- _Exercise data_
=== Section Start ===

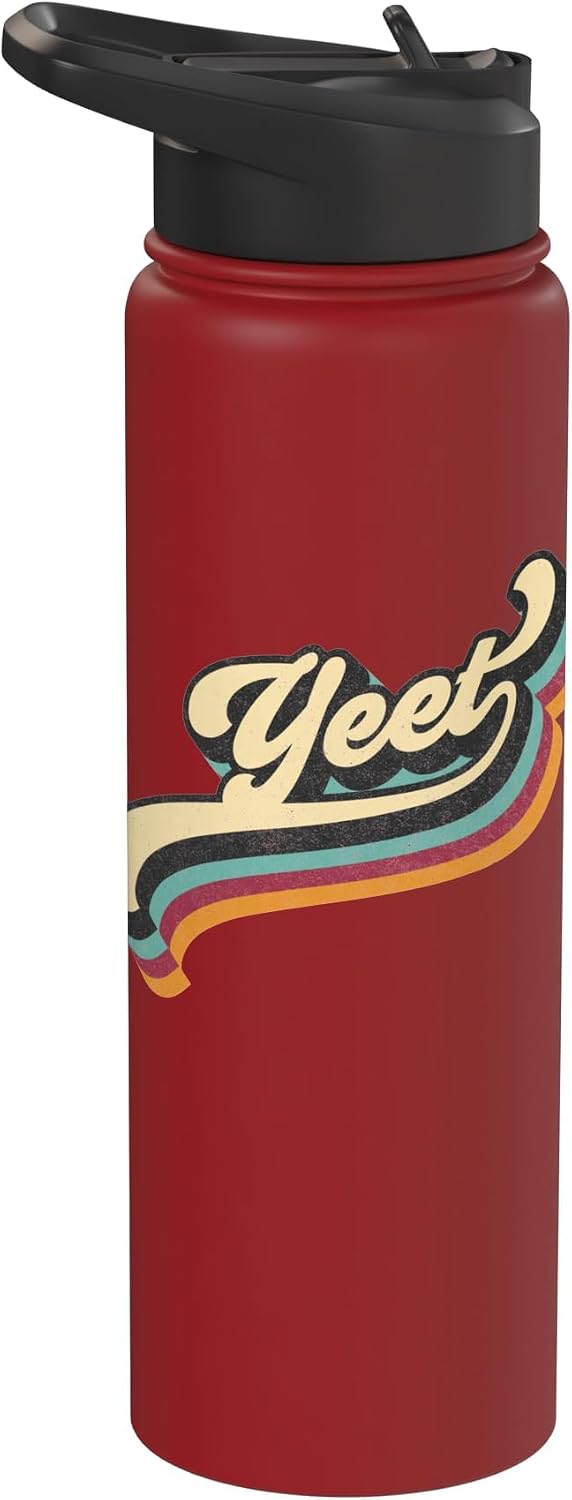 Yeet-Internet Viral Meme Dank Slang Vintage Style Retro Stainless Steel Insulated Water Bottle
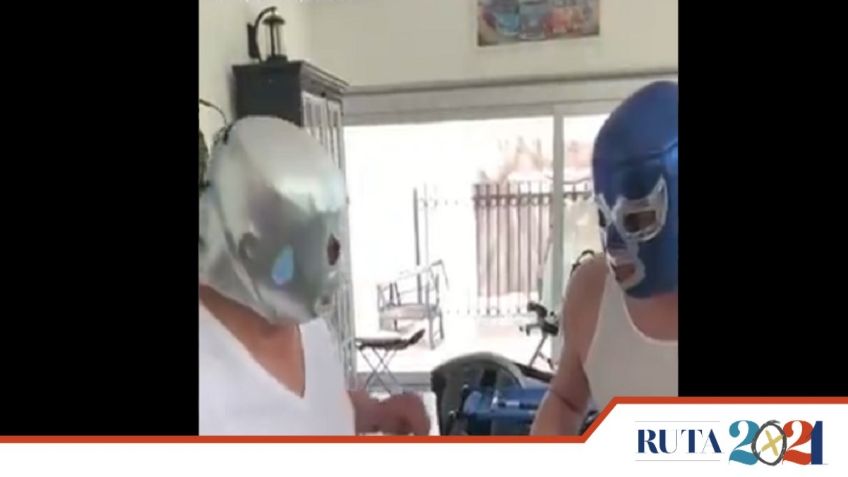 ¿El Santo y Blue Demon están en campaña? Se vuelve viral un video de los luchadores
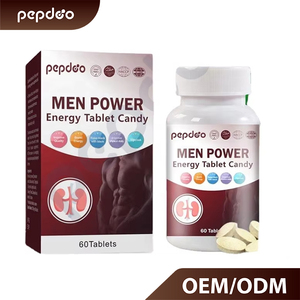 Comprimés de peptides à base de plantes naturels pour hommes, marque blanche, complément énergétique et de fertilité pour hommes, marque privée, <span class=keywords><strong>4</strong></span> comprimés par jour - Product Image 1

=== Section End ===

- _Task requirements_
The response is the full listing, copied exactly, with the pictures omitted.

- _Answer box_
 Yeet-Internet Viral Meme Dank Slang Vintage Style Retro Stainless Steel Insulated Water Bottle
 ¿El Santo y Blue Demon están en campaña? Se vuelve viral un video de los luchadores
 Comprimés de peptides à base de plantes naturels pour hommes, marque blanche, complément énergétique et de fertilité pour hommes, marque privée, <span class=keywords><strong>4</strong></span> comprimés par jour - Product Image 1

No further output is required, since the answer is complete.